What to work on: Only one span of the listing below should come back. It runs from the line with "Front view of" through the line with "Non-Corrosive Drain Cleaner", and each of its lines must be reproduced exactly.

Given records:

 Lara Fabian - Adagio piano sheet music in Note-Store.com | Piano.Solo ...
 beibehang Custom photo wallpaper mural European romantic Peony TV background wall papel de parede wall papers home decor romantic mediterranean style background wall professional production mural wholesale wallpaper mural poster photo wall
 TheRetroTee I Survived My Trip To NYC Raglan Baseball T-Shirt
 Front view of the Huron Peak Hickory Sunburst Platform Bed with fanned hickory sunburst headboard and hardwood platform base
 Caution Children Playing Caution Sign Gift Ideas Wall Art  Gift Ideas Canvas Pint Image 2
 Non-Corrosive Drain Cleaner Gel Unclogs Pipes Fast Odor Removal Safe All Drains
==
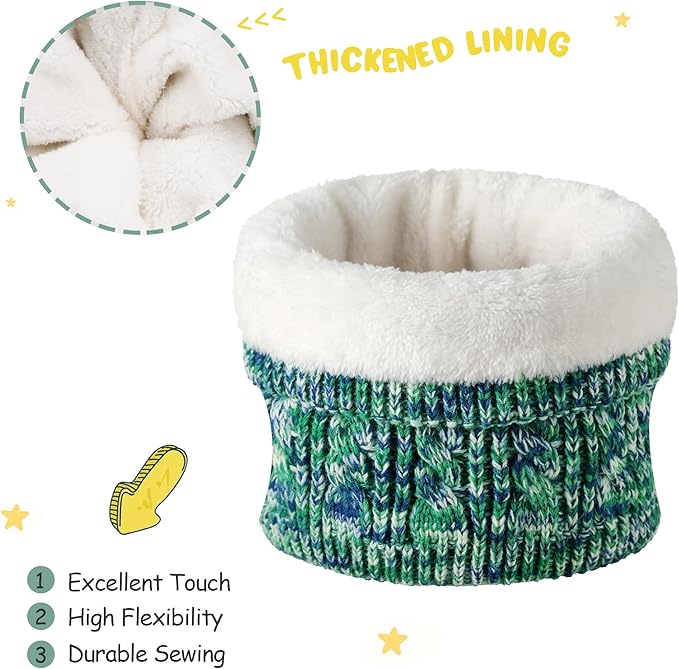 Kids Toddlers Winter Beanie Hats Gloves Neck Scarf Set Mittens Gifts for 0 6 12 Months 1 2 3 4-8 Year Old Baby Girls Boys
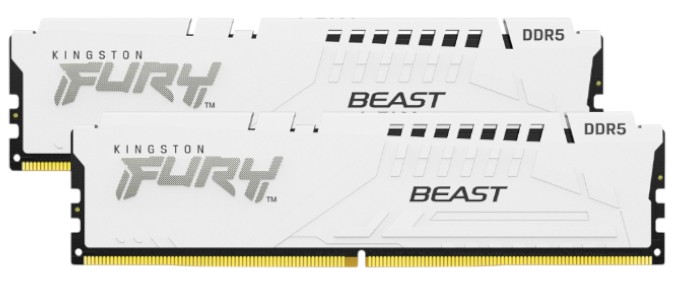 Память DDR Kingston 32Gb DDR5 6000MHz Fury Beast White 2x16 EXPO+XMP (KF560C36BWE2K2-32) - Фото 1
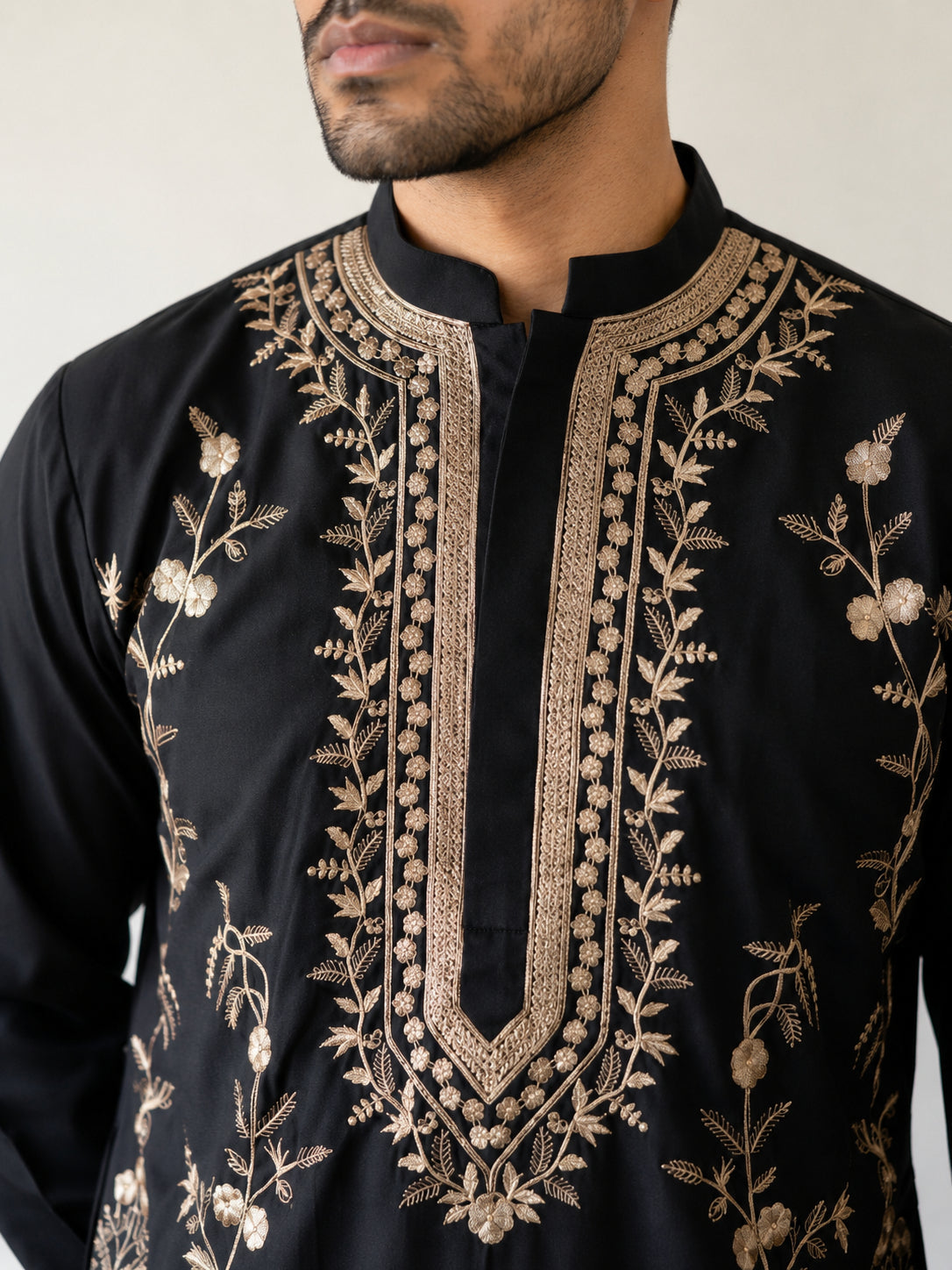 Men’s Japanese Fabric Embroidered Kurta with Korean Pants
==
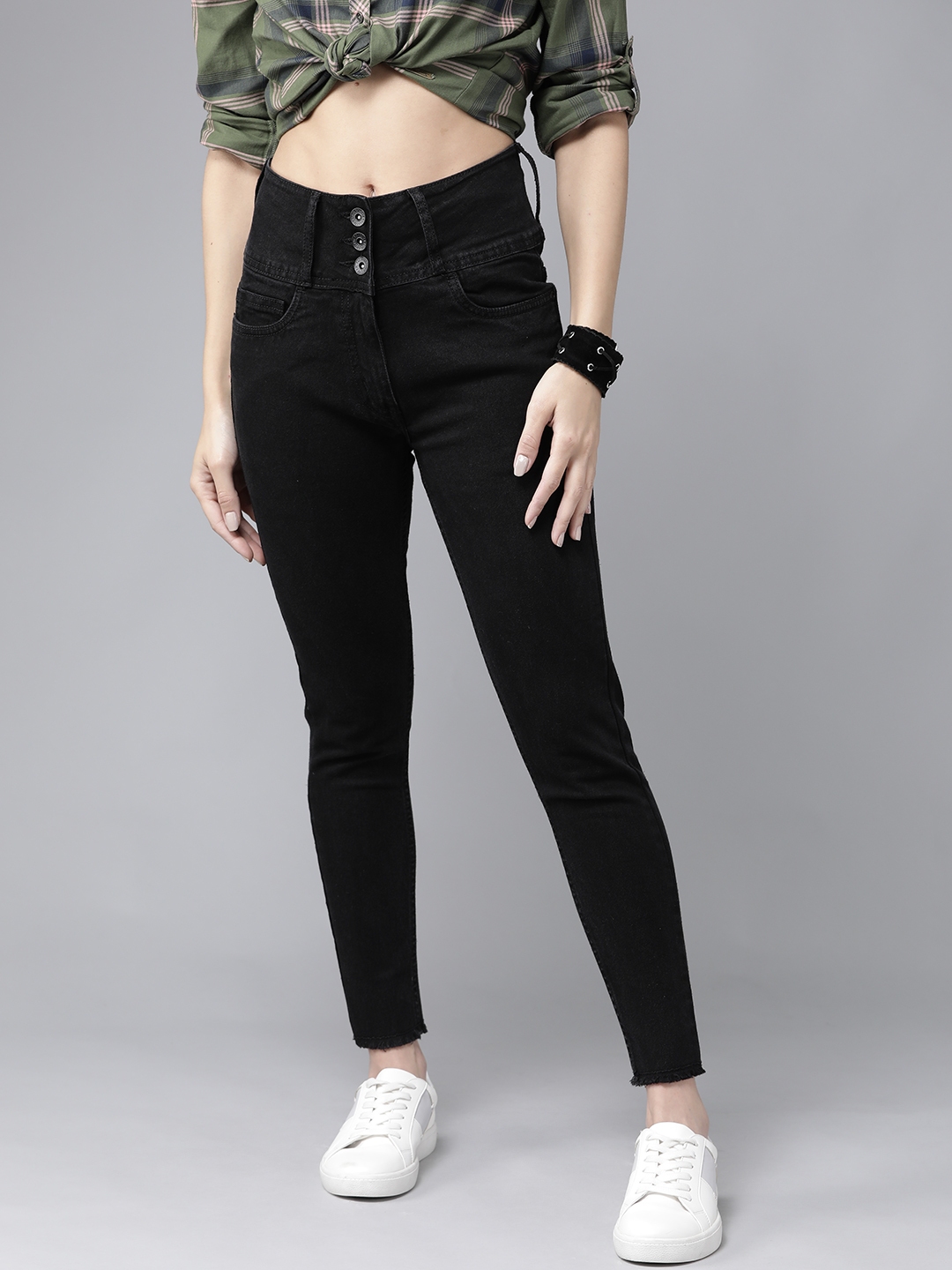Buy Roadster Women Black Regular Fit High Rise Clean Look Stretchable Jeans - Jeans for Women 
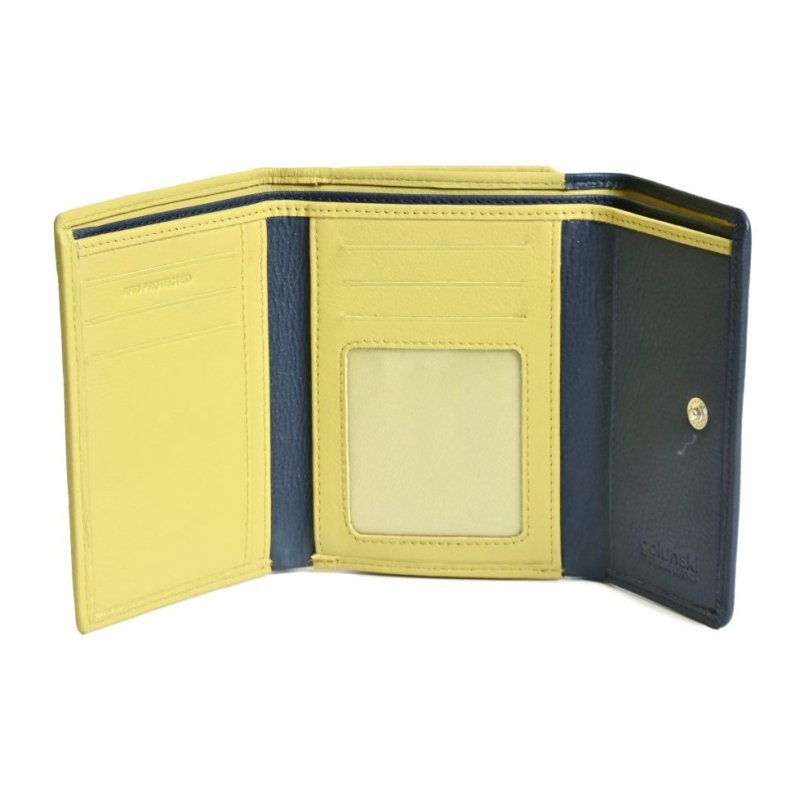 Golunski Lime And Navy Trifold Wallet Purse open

Solution to the problem:
 Front view of the Huron Peak Hickory Sunburst Platform Bed with fanned hickory sunburst headboard and hardwood platform base
 Caution Children Playing Caution Sign Gift Ideas Wall Art  Gift Ideas Canvas Pint Image 2
 Non-Corrosive Drain Cleaner Gel Unclogs Pipes Fast Odor Removal Safe All Drains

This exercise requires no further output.